Starting at the line containing "Circuitscape Cellophanescape Ancientscape" and ending at the line containing "Elite Global Solutions", transcribe the listing below exactly. Keep both end lines, skip the pictures, and copy nothing else.

Given data:
- - - - - - -
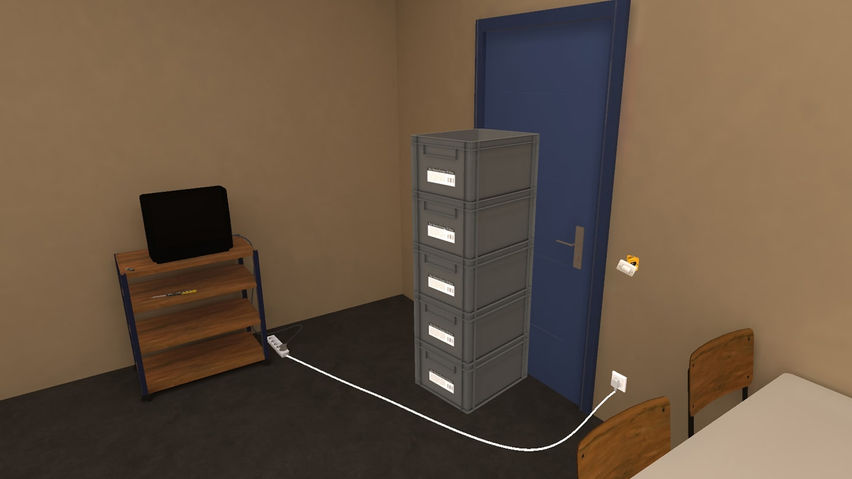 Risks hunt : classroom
- - - - - - -
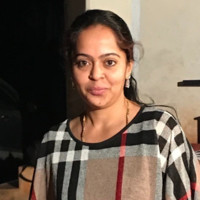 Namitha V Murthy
- - - - - - -
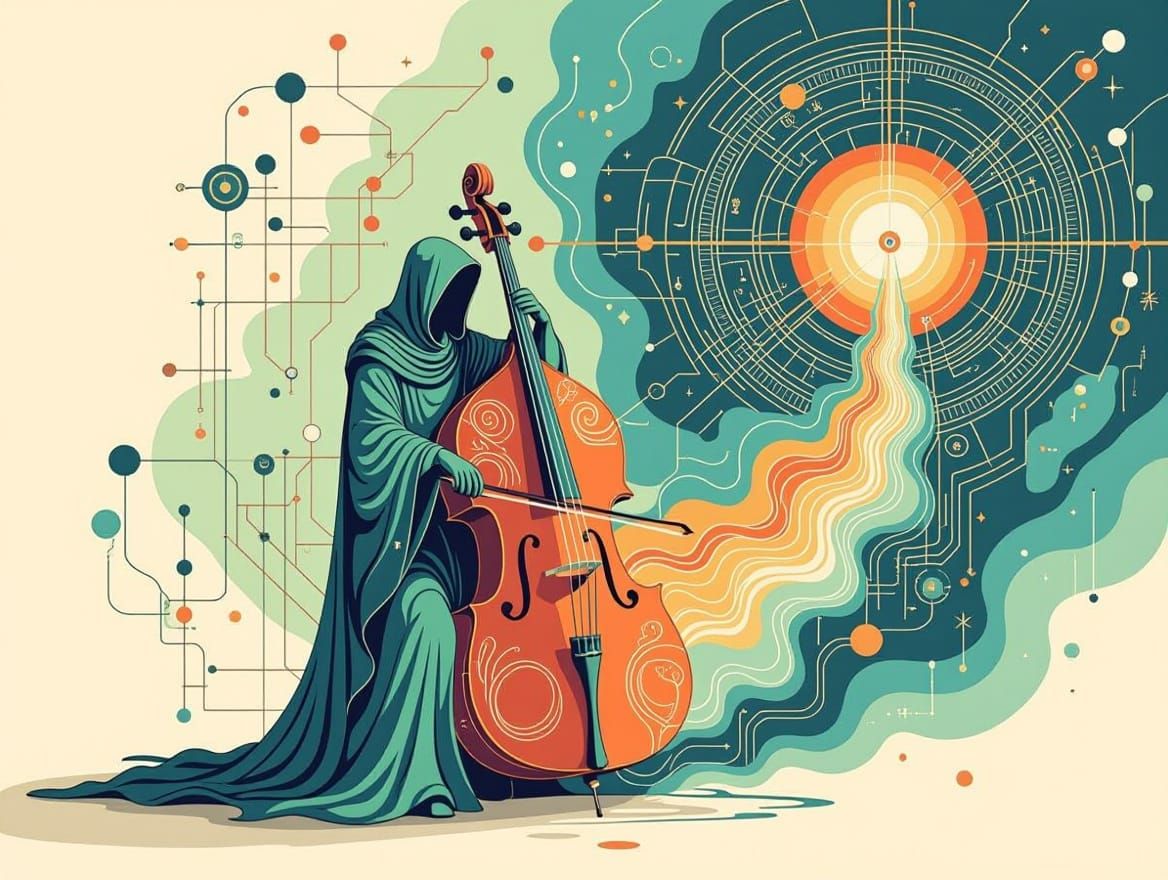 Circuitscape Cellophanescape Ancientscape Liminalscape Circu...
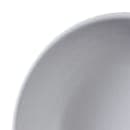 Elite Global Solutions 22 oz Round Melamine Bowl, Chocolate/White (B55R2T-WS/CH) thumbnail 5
- - - - - - -
Answer:
 Circuitscape Cellophanescape Ancientscape Liminalscape Circu...
 Elite Global Solutions 22 oz Round Melamine Bowl, Chocolate/White (B55R2T-WS/CH) thumbnail 5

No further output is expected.